I am a portrait and event photographer, and a friend of mine wants me to shoot some images of a new product he's coming out with, some supplement pills.  Although I have shot some products in college as practice, I would love any advice, or shooting tips anyone might have for a product somewhat "newbie".

Thanks!
Carolina


----------



## TimothyHughes (Mar 25, 2009)

Take your time and view the photos on your computer before calling it a day. You'll be surprised at how much more you can see onscreen. Depth of field and camera shake become factors to look for. 

I love using a softbox almost directly overhead for product shots. Also, a reflector to fill in shadow areas that get too dark.


----------



## dxqcanada (Mar 25, 2009)

I agree with TH, a softbox would be the thing here.
You really do not want shadows if you are taking pictures of pills/capsules.


----------



## Imaginis (Mar 26, 2009)

cwrivera said:


> Hi all!
> 
> I am a portrait and event photographer, and a friend of mine wants me to shoot some images of a new product he's coming out with, some supplement pills.  Although I have shot some products in college as practice, I would love any advice, or shooting tips anyone might have for a product somewhat "newbie".
> 
> ...



Ask your client what he expects. If he wants to go for a clean look, use a light tent. If he wants something more elaborate, figure out the best way to portray it.

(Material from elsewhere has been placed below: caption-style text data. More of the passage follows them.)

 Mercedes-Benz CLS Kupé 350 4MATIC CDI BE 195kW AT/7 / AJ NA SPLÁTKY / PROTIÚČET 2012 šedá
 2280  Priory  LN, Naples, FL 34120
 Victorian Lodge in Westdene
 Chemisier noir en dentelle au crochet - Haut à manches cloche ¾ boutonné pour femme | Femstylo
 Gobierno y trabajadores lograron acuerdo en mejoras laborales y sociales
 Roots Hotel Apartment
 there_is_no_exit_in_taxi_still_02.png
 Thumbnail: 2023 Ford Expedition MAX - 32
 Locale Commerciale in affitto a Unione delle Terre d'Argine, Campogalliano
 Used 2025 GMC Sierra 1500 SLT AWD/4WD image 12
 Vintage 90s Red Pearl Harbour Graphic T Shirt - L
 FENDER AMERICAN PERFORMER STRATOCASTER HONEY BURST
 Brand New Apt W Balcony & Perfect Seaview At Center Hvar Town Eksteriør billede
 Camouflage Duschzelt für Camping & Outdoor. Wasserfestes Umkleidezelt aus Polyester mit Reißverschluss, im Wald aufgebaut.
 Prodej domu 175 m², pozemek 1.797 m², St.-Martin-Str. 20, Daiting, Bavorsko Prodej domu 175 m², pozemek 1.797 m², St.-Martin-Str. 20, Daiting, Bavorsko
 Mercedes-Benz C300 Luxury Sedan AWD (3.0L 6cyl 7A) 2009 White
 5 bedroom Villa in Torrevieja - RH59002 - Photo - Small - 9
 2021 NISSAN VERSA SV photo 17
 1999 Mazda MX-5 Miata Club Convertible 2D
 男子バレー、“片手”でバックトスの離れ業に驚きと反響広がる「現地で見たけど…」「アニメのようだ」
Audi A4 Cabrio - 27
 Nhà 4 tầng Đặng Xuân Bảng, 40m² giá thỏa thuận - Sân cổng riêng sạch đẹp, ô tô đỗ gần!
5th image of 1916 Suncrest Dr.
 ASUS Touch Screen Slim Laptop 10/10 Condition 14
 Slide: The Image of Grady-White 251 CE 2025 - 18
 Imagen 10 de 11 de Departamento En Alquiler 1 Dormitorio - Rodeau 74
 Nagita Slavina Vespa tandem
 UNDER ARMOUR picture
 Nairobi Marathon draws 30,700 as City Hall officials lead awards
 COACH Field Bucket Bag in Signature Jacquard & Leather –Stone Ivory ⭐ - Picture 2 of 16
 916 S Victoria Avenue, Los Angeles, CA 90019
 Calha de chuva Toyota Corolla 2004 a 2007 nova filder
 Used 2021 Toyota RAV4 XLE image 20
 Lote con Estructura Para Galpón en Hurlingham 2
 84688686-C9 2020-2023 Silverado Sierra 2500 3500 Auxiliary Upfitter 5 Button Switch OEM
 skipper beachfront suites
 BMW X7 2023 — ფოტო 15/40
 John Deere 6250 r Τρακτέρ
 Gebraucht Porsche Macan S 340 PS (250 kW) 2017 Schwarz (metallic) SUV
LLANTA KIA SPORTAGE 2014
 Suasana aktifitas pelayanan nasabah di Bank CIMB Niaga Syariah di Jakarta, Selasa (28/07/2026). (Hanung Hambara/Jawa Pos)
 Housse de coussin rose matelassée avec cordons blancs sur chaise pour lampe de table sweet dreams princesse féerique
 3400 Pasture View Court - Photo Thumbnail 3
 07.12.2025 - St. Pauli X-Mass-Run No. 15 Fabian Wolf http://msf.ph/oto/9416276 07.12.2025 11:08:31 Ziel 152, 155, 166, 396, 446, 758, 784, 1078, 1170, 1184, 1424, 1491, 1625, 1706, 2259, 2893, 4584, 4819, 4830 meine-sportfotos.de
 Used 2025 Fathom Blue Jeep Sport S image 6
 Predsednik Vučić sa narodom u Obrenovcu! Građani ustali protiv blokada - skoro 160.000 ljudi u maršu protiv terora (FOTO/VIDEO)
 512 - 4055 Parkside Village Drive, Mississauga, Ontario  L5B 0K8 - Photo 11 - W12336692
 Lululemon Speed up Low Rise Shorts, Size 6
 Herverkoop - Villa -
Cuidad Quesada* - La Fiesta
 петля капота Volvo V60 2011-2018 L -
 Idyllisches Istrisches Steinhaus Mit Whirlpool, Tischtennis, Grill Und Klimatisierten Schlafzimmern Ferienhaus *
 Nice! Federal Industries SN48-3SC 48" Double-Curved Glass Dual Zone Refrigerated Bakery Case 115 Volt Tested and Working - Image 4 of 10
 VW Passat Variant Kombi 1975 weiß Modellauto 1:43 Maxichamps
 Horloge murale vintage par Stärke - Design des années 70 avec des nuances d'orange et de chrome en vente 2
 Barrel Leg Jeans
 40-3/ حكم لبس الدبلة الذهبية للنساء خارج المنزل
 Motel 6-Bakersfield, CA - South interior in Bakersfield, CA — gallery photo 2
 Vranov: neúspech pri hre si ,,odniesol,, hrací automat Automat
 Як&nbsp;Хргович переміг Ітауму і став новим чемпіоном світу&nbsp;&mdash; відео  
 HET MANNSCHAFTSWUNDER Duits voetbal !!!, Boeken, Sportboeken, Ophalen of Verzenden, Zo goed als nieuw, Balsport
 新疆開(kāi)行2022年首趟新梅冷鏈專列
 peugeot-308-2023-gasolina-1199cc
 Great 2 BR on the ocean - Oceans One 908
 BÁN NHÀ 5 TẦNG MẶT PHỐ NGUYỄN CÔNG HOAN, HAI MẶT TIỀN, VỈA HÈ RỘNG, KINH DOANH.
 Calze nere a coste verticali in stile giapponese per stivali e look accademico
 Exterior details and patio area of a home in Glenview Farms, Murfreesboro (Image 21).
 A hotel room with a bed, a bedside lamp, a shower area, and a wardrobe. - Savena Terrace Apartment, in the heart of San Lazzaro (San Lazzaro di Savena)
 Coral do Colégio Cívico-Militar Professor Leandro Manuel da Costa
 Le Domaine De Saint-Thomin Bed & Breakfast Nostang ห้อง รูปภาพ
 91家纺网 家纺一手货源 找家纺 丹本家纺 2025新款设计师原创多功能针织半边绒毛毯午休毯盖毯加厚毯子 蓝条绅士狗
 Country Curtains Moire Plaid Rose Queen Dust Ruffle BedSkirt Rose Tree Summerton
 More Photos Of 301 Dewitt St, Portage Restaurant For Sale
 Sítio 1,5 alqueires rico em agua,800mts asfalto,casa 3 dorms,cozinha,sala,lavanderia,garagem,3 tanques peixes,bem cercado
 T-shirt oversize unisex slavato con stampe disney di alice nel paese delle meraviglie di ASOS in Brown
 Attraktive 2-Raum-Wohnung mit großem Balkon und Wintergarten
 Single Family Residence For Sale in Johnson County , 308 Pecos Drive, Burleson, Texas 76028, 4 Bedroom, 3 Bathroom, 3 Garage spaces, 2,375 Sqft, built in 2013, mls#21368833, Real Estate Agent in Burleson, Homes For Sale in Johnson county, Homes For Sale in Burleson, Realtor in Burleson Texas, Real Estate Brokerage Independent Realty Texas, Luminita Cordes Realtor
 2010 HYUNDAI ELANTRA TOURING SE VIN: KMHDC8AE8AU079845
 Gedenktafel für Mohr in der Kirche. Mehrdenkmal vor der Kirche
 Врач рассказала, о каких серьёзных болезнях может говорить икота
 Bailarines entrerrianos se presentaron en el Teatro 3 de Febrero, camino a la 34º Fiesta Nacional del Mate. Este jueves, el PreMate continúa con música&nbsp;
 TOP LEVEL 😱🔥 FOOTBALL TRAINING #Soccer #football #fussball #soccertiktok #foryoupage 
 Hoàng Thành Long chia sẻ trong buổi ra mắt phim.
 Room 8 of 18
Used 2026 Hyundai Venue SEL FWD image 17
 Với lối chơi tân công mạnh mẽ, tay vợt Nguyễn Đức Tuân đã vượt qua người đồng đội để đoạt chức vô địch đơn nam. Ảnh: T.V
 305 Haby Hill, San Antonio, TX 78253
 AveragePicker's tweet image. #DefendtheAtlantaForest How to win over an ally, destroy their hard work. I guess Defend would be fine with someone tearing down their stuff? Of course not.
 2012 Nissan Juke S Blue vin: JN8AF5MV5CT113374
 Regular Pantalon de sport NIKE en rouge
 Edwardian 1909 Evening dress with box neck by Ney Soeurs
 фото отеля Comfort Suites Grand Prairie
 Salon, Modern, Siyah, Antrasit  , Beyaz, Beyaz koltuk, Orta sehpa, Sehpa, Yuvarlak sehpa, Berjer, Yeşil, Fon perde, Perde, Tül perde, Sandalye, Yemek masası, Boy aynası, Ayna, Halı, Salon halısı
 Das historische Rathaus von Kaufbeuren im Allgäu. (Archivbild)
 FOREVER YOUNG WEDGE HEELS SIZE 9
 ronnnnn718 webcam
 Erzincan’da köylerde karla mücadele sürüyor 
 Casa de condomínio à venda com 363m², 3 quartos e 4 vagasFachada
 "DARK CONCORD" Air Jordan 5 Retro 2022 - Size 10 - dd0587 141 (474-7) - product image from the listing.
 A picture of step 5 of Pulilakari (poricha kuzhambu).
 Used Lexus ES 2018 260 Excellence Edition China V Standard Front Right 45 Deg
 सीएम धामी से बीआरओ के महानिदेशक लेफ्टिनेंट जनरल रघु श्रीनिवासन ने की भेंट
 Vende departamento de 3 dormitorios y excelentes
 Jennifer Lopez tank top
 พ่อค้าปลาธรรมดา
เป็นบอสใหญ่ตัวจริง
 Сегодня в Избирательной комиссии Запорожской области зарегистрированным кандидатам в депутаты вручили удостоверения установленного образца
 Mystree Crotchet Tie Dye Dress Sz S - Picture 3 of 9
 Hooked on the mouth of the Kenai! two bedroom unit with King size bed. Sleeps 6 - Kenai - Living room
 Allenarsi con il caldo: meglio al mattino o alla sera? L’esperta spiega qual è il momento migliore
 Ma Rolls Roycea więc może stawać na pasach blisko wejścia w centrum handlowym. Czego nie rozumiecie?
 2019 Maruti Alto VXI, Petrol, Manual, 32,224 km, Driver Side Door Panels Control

There is no precise answer for a vague questions, as each setup has different requirements. To give you an idea: I did a product shot for a French wine before that required a whole table setup which I shot in HDR due to the wide tonal range from the dark red of the wine to the bright highlights in the glasses. The whole setup required lighting far more elaborate than just a softbox. Another shot for the same wine was going for more of a clean look but with a warm tones in the background which required much less work.


----------



## webrotate360 (Jun 13, 2012)

There are some excellent guides on lighting setup for tabletop photography that you can find on Alex Koloskov's blog - looks like it moved to photigy.com. Check it out - the guy doesn't mind sharing his excellent professional tips and show how it's all done in his studio.


----------



## morganza (Jun 14, 2012)

TimothyHughes said:


> Take your time and view the photos on your  computer before calling it a day. You'll be surprised at how much more  you can see onscreen. Depth of field and camera shake become factors to  look for.
> 
> I love using a softbox almost directly overhead for product shots. Also,  a reflector to fill in shadow areas that get too dark.



I agree with this, it's the best way to go.


----------